Sun Cluster Data Service for SWIFTAlliance Access Guide for Solaris OS

Understanding the Sun Cluster HA for Alliance Access Fault Monitor

This section describes the Sun Cluster HA for Alliance Access fault monitor's probing algorithm or functionality, and states the conditions, messages, and recovery actions associated with unsuccessful probing.

For conceptual information on fault monitors, see the Sun Cluster Concepts Guide.

Resource Properties

The Sun Cluster HA for Alliance Access fault monitor uses the same resource properties as resource type SUNW.gds, refer to the SUNW.gds(5) man page for a complete list of resource properties used.

Probing Algorithm and Functionality

By default, the HA agent provides a fault monitor for the DCE component only when using Alliance Access 5.5. The fault monitoring for Alliance Access is switched off by default. If the Alliance Access application fails, the agent will not restart the Alliance Access application automatically. This behavior was explicitly requested by SWIFT. It will enable you to operate the application in a way that the probe does not interfere with the normal behavior of some Alliance Access features like:

operator manually triggering the Alliance Access restart function , for example, to run Alliance Access in housekeeping mode.
automatic or scheduled Alliance Access restart, for example, to run database backup and other maintenance or end-of-day processes.
any graceful Alliance Access restart or recovery, in case of a Alliance Access transient local error.

The HA agent will update the resource status message to output Degraded - SAA Instance offline.

If an automatic failover occurs with default setting, it is most likely that there was a DCE problem. The Alliance Access application will cause a failover only when it does not start on the current node.
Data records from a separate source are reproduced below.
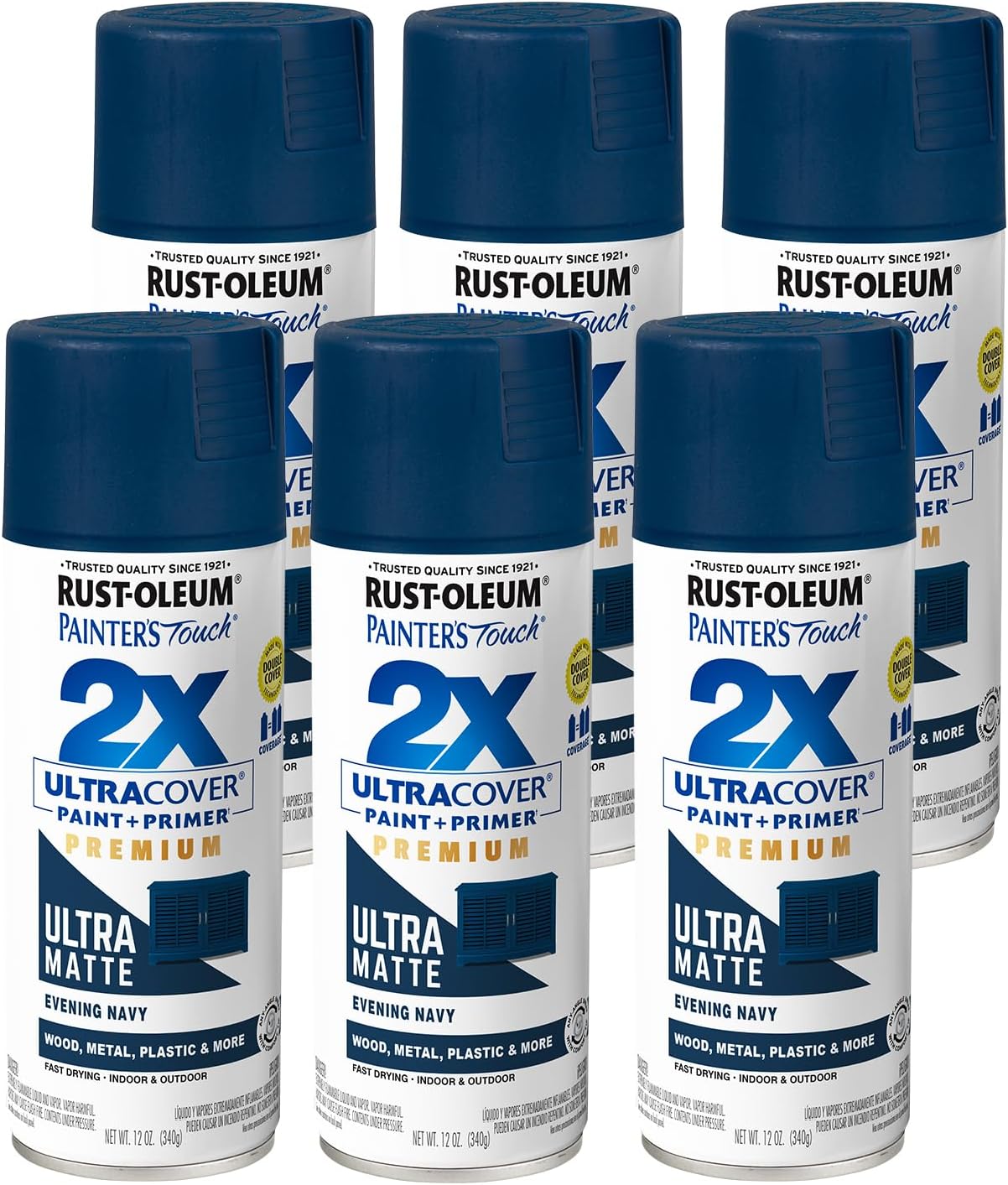 Rust-Oleum 331182 Painter's Touch 2X Ultra Cover Spray Paint, 12 oz, Ultra Matte Black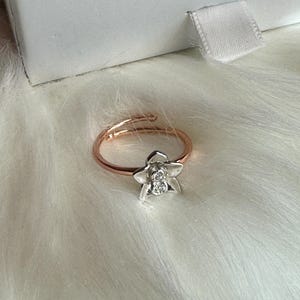 Orchid Jewelry 18k Rose Gold Ring • Two Tone Rose Gold Band with White Gold Plated Flower • Statement Ring • Orchid Blossom Ring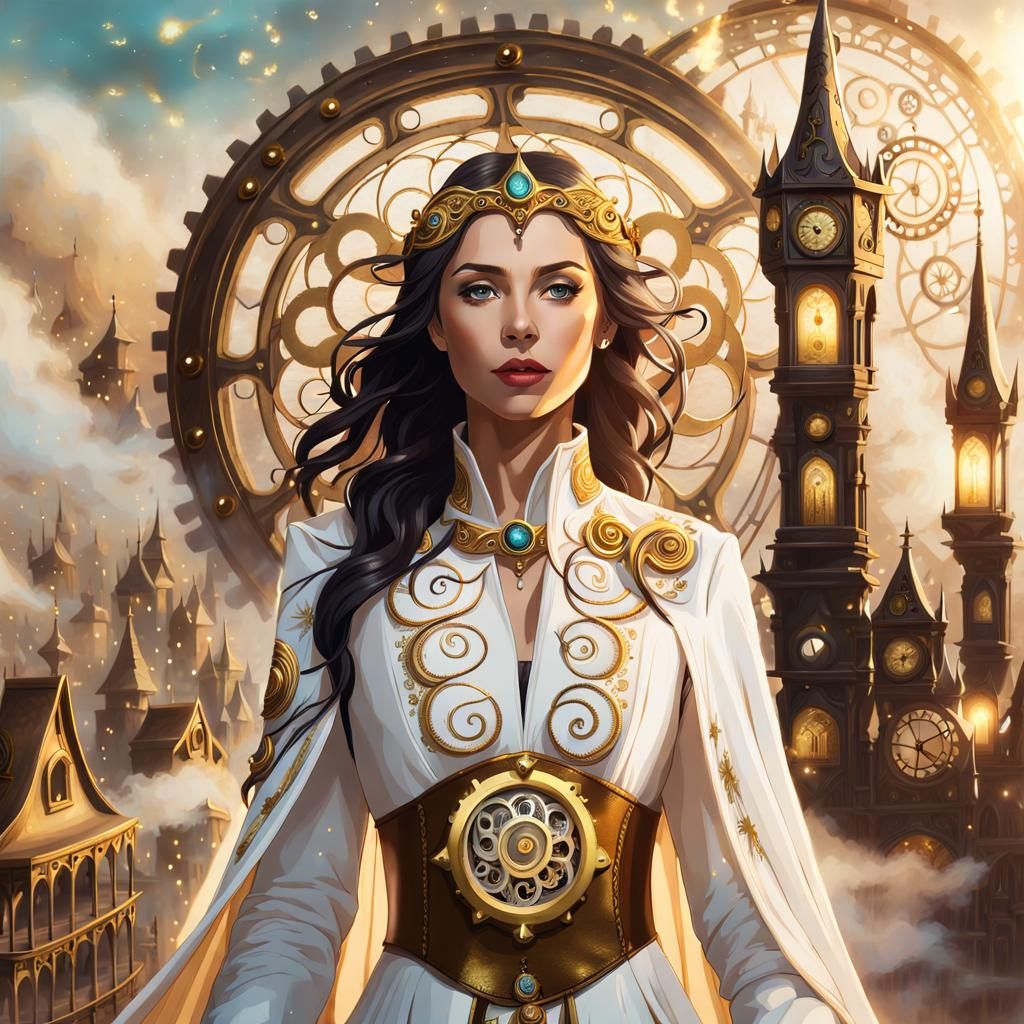 Steampunk Half-Elf Wizard in Whimsical Elfpunk City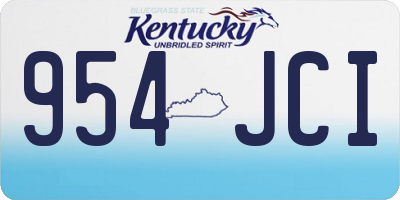 KY license plate 954JCI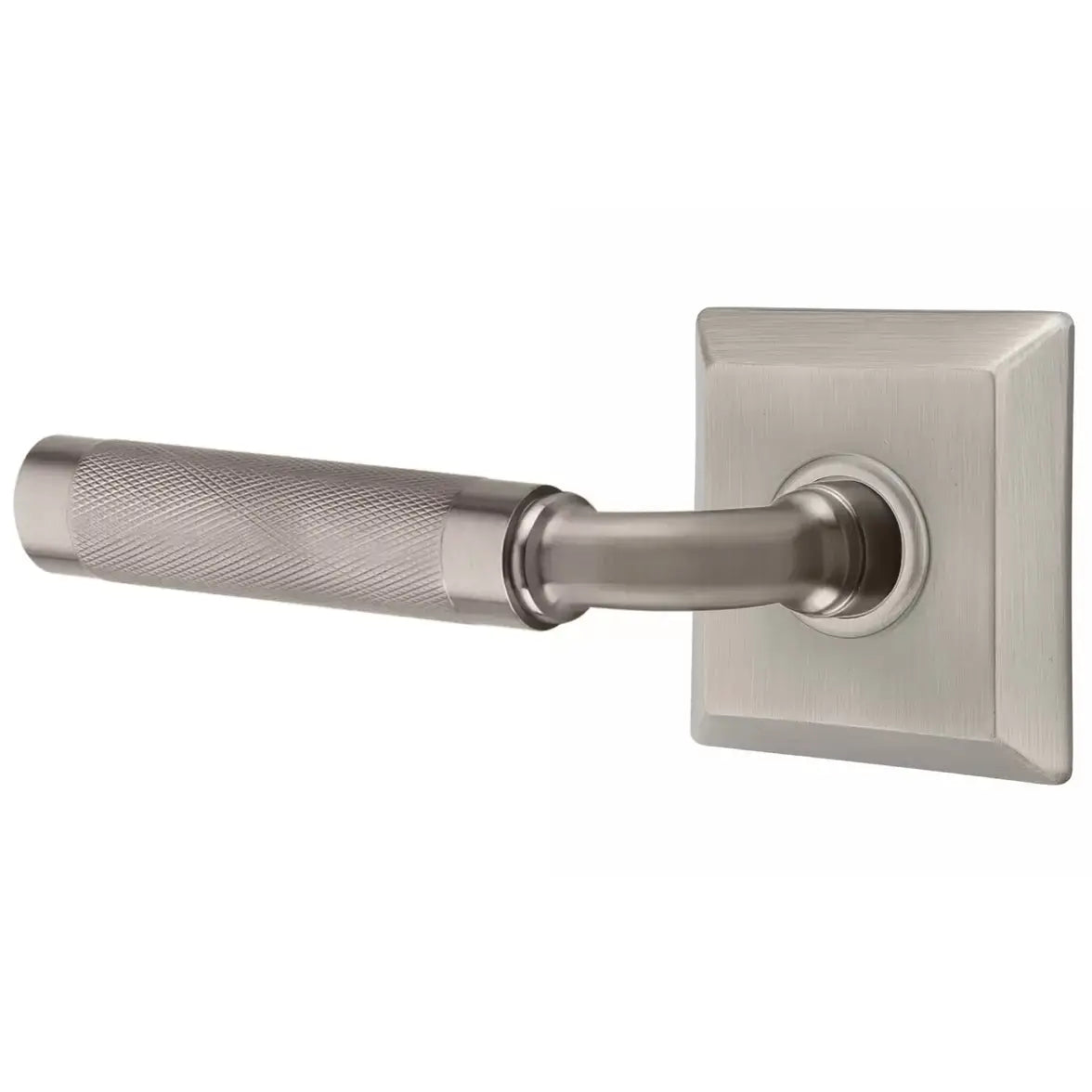 Emtek Knurled Lever with R-Bar Stem and Quincy Rose by Emtek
The HA agent provides an option to turn on fault monitoring for Alliance Access at registration time. However, this option is not recommended by SWIFT. The optional probing checks for the existence of the Alliance Access instance by calling the alliance command that is part of the application and by evaluating its return code. If the Alliance Access instance is not running, return code 100 is sent to SUNW.gds, which in turn will perform an automatic restart depending on the configuration of the resource properties.